What you will do. Your answer must be the exact lines below, starting with the line with "Kids Shower Curtain" and going on through the line with "NMN 9000 - NAD+ support", both included, with no pictures.

[Stored items]
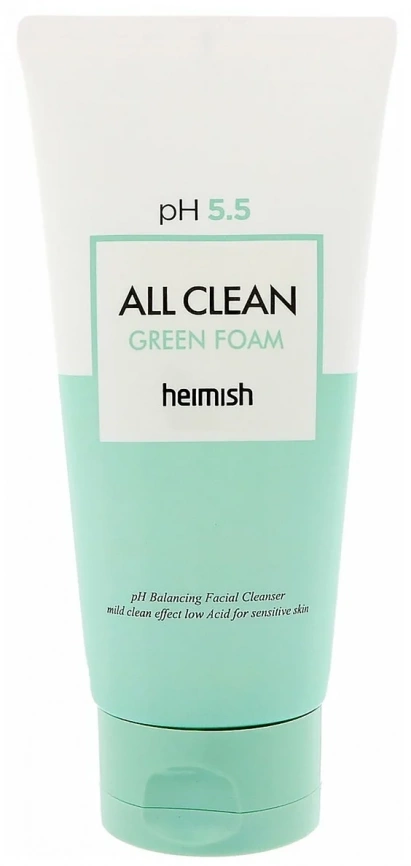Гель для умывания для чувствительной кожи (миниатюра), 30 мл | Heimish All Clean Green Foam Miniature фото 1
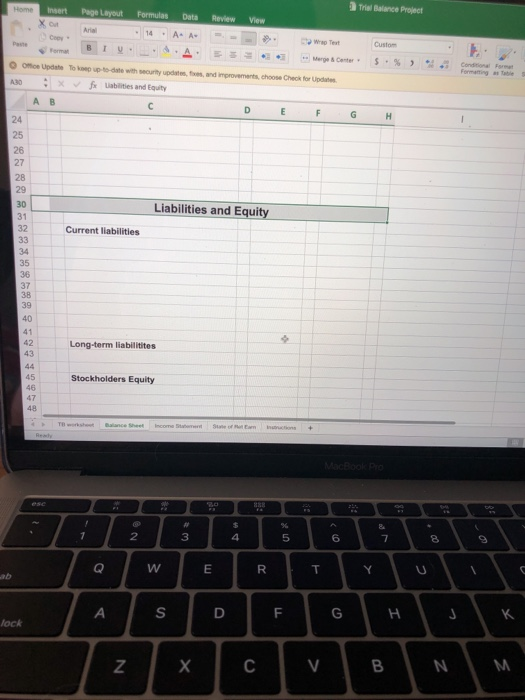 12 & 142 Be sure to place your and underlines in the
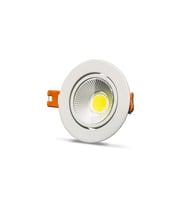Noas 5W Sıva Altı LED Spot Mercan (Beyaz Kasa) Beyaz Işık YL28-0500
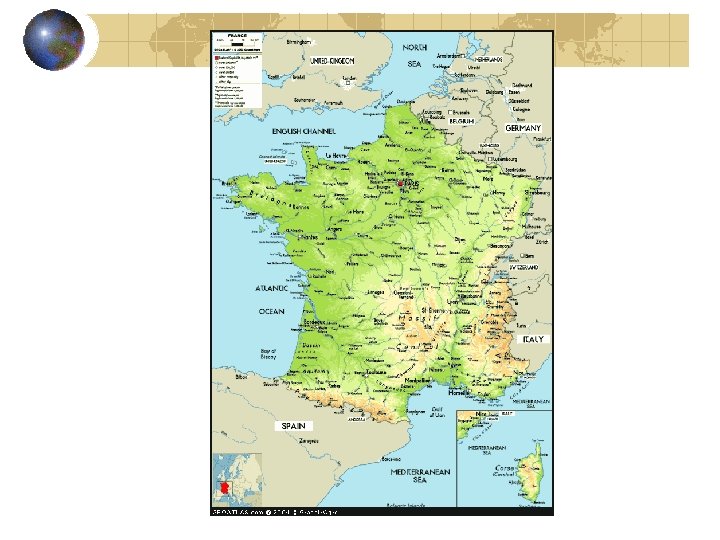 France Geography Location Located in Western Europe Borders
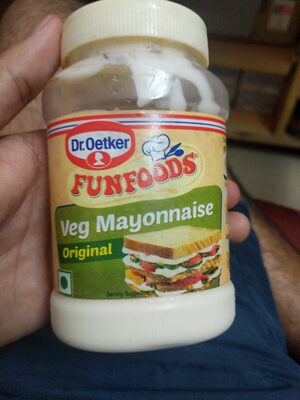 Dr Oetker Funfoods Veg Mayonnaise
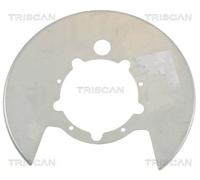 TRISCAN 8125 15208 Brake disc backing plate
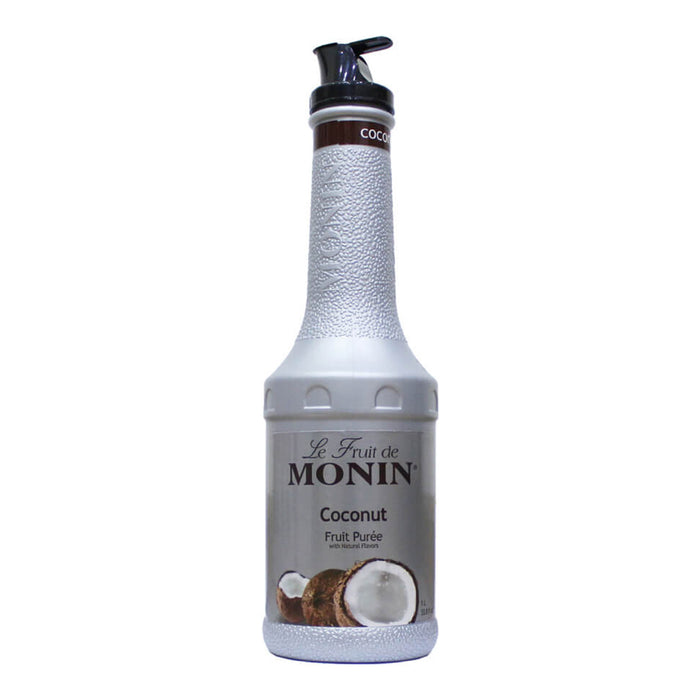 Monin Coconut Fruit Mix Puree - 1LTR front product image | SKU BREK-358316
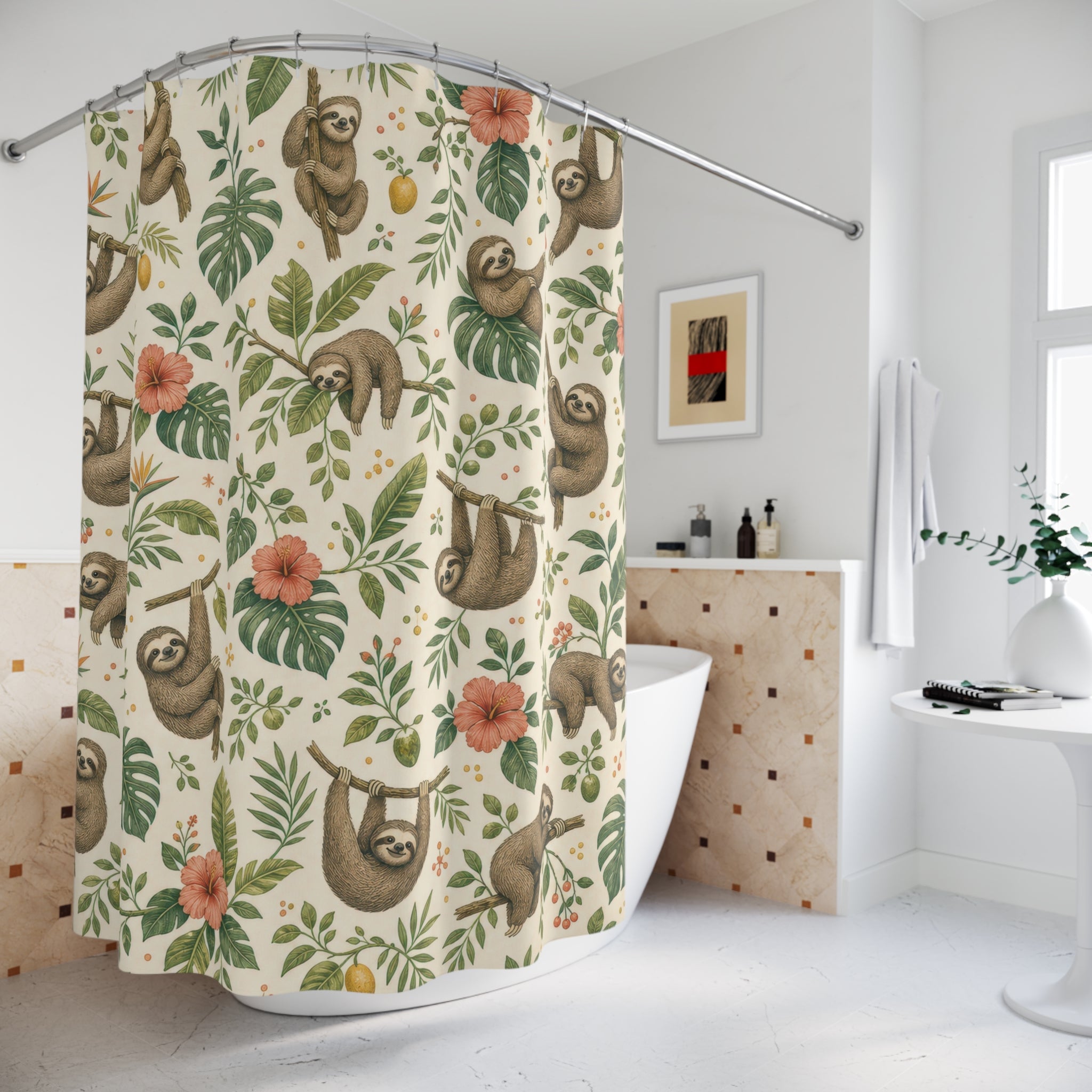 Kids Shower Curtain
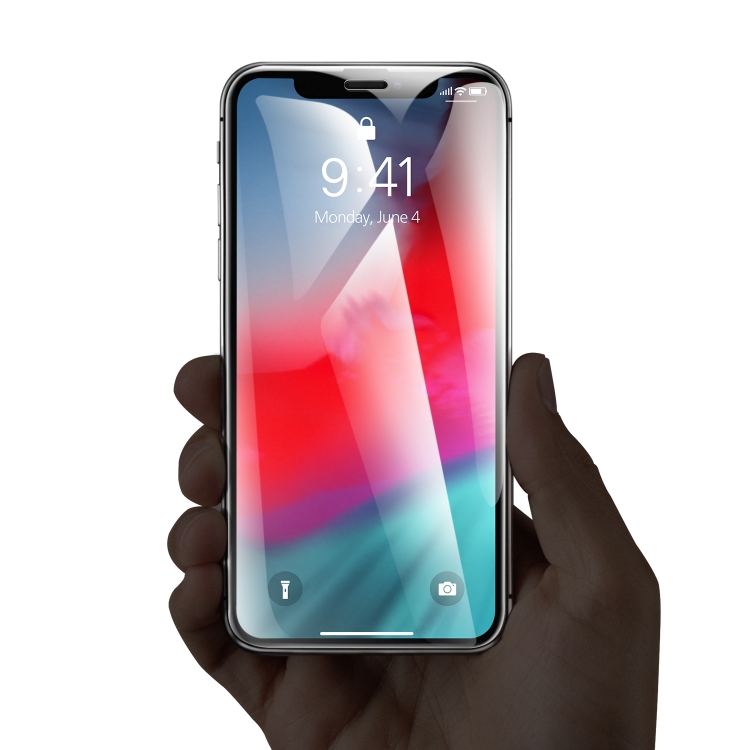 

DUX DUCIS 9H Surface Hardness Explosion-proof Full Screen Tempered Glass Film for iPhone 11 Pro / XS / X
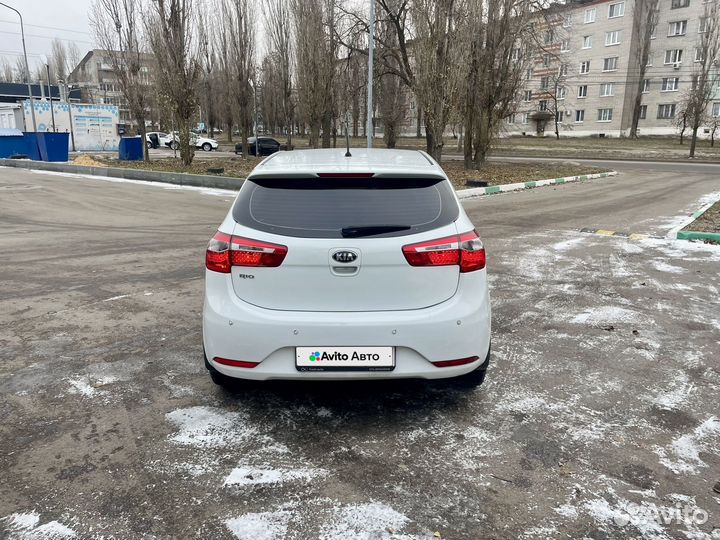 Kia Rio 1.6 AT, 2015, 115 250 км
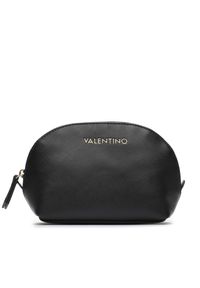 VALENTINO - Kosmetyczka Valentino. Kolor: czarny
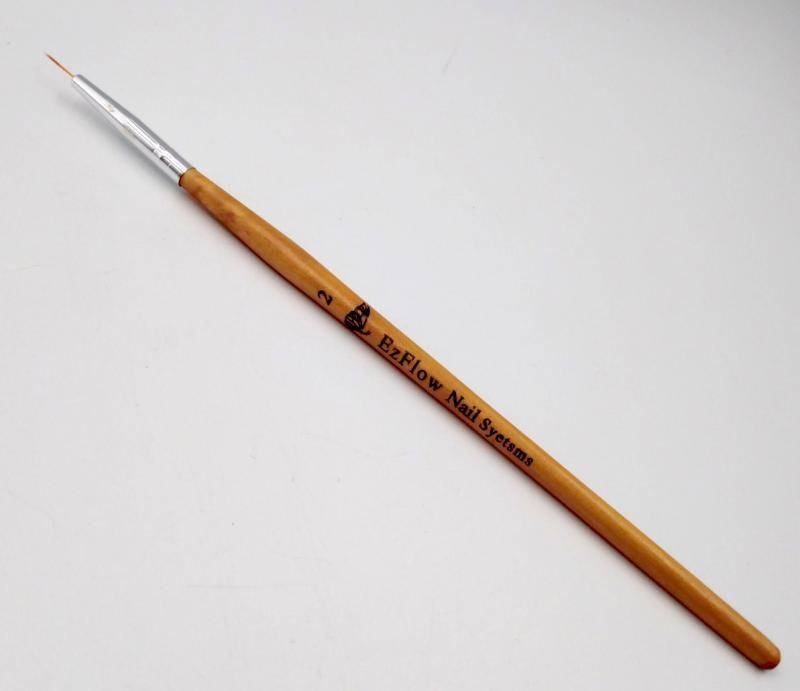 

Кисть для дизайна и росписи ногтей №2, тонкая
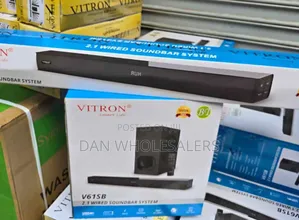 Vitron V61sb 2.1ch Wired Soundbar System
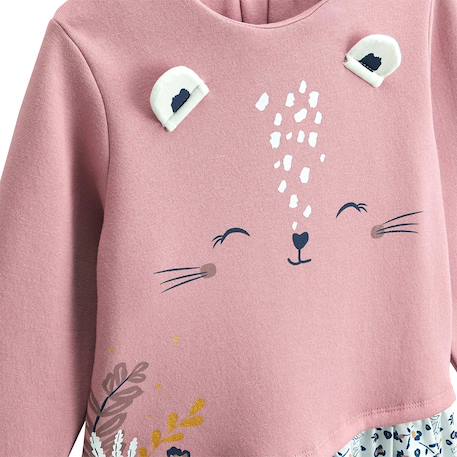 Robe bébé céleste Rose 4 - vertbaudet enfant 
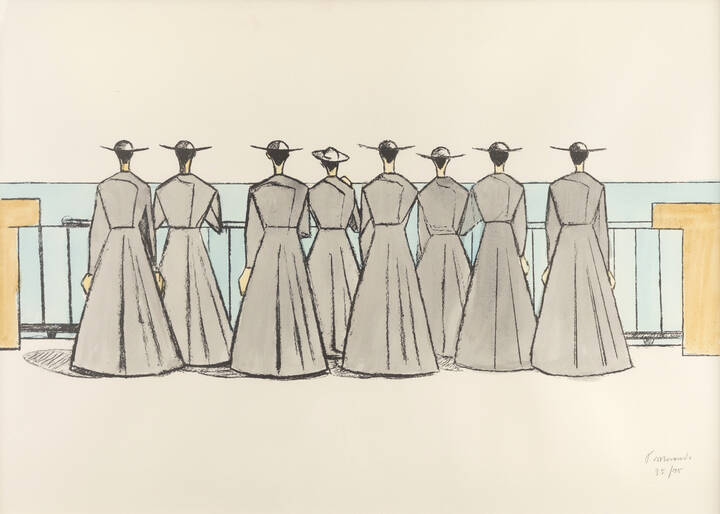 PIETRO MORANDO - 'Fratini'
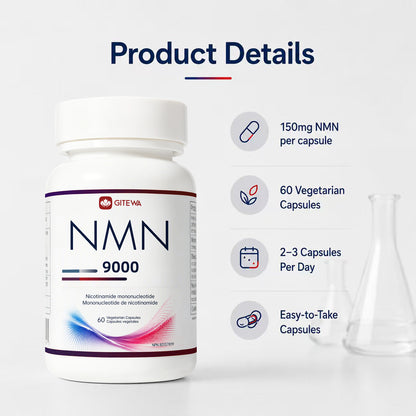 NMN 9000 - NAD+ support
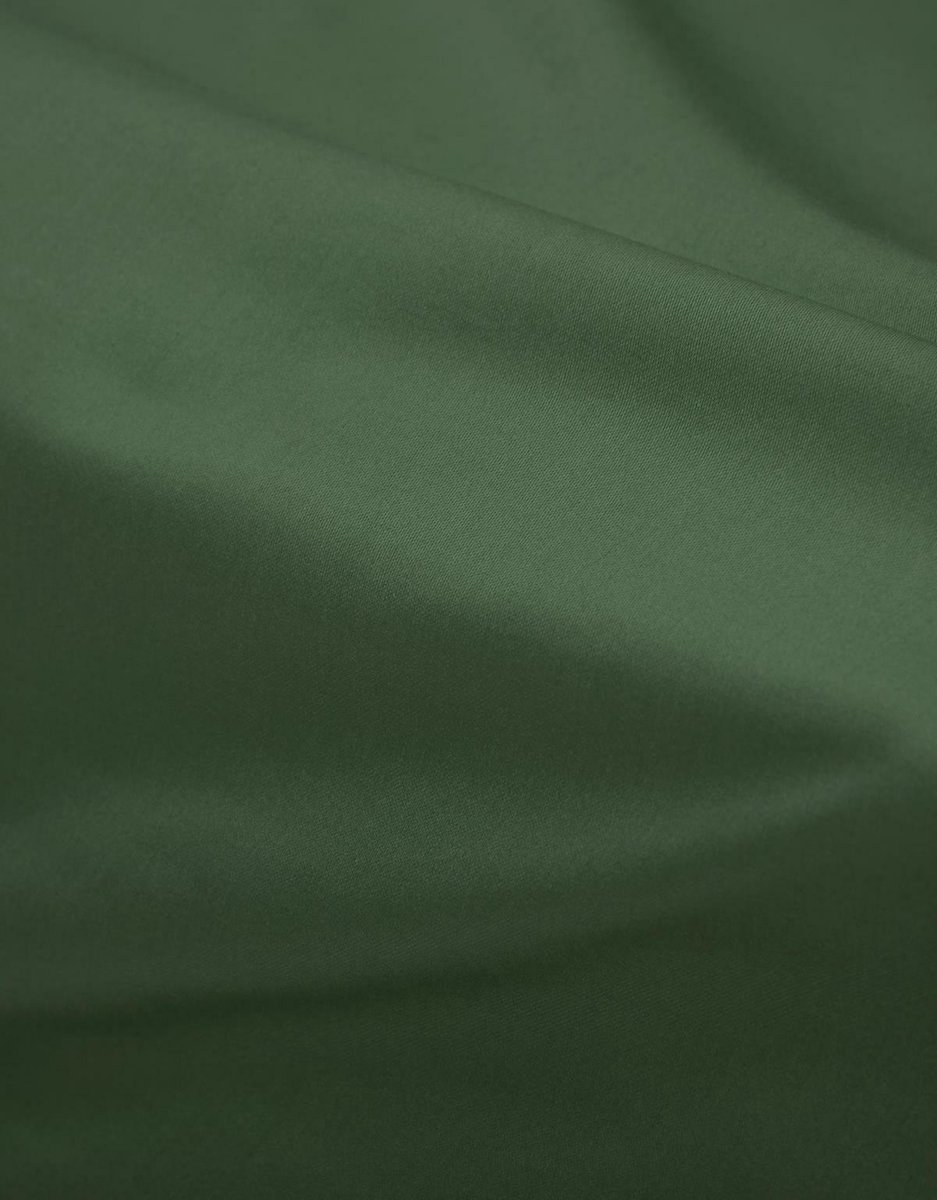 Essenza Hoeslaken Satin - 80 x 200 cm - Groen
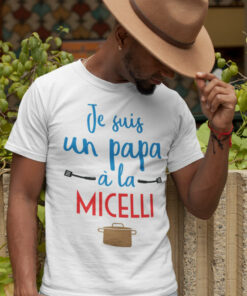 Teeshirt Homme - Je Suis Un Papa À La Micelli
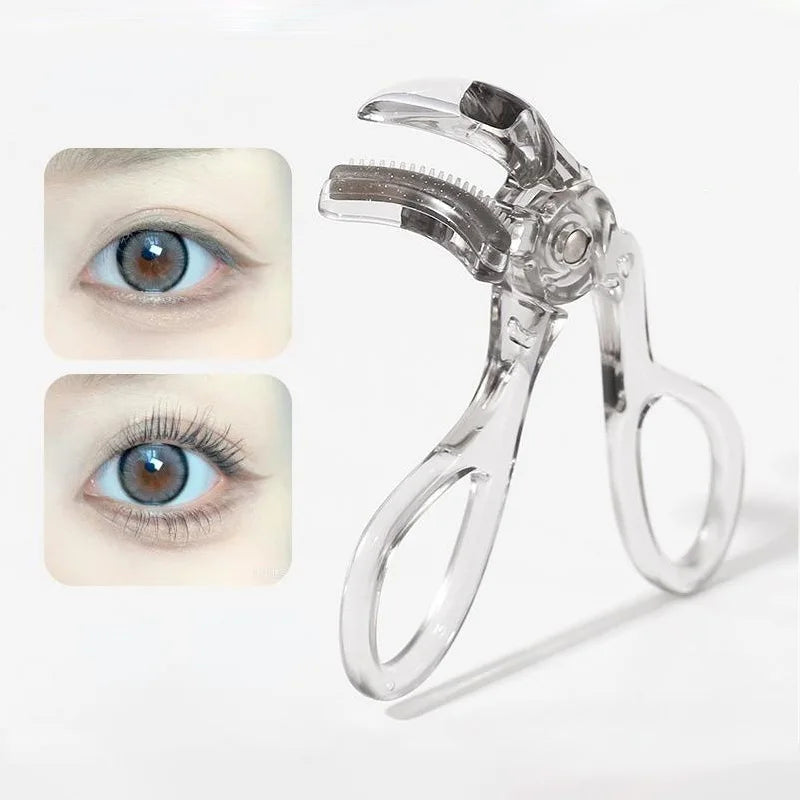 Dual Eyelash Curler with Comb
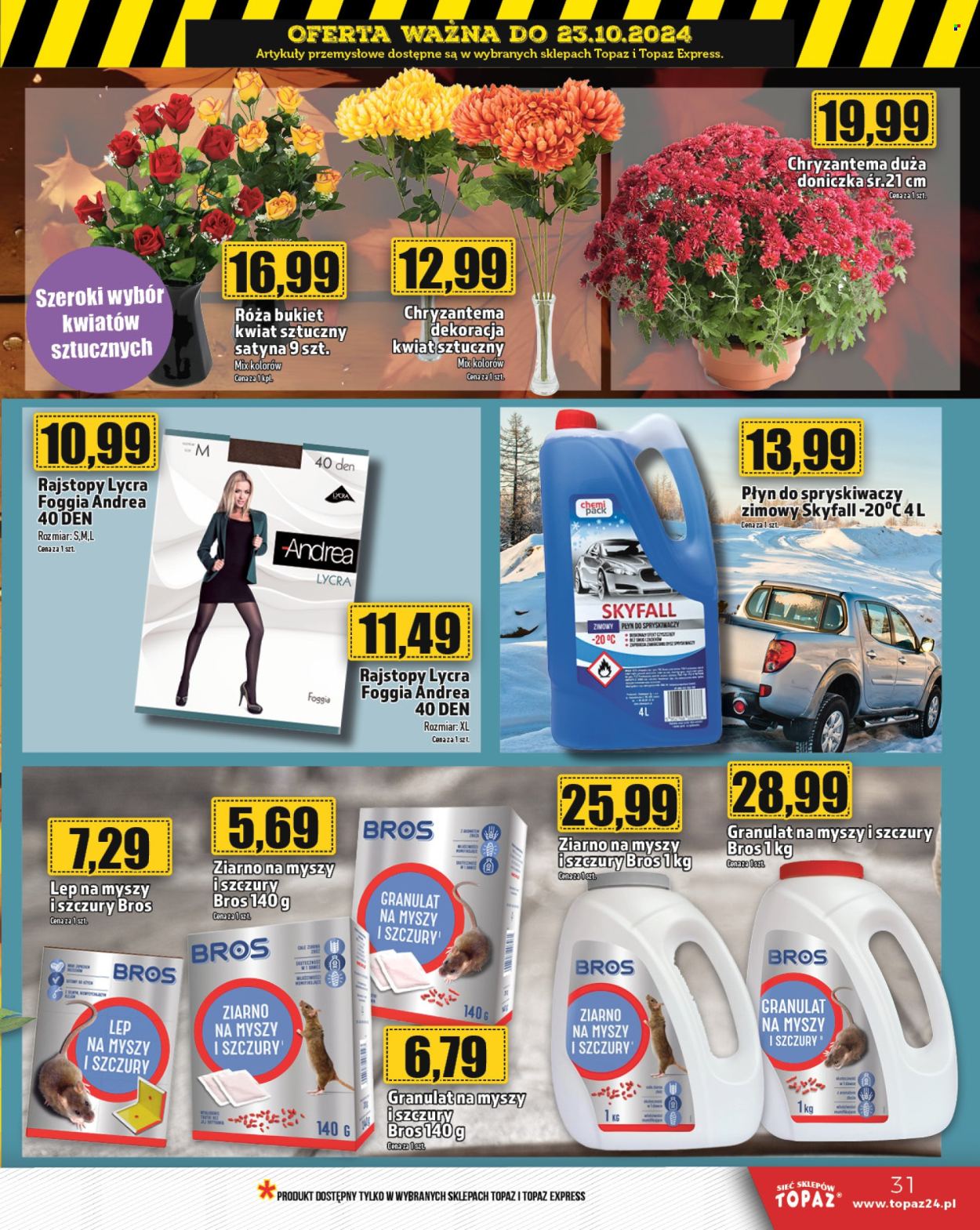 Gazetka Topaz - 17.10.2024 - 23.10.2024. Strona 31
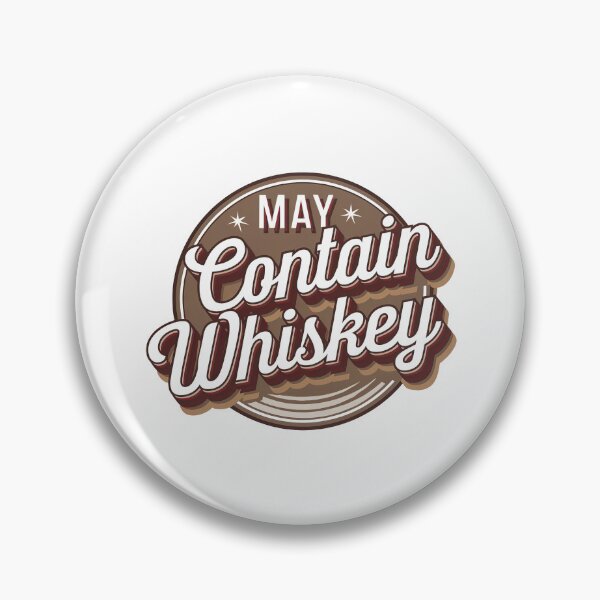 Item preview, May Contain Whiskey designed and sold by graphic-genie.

Solution for this problem.
 Kids Shower Curtain

DUX DUCIS 9H Surface Hardness Explosion-proof Full Screen Tempered Glass Film for iPhone 11 Pro / XS / X
 Kia Rio 1.6 AT, 2015, 115 250 км
 VALENTINO - Kosmetyczka Valentino. Kolor: czarny

Кисть для дизайна и росписи ногтей №2, тонкая
 Vitron V61sb 2.1ch Wired Soundbar System
 Robe bébé céleste Rose 4 - vertbaudet enfant 
 PIETRO MORANDO - 'Fratini'
 NMN 9000 - NAD+ support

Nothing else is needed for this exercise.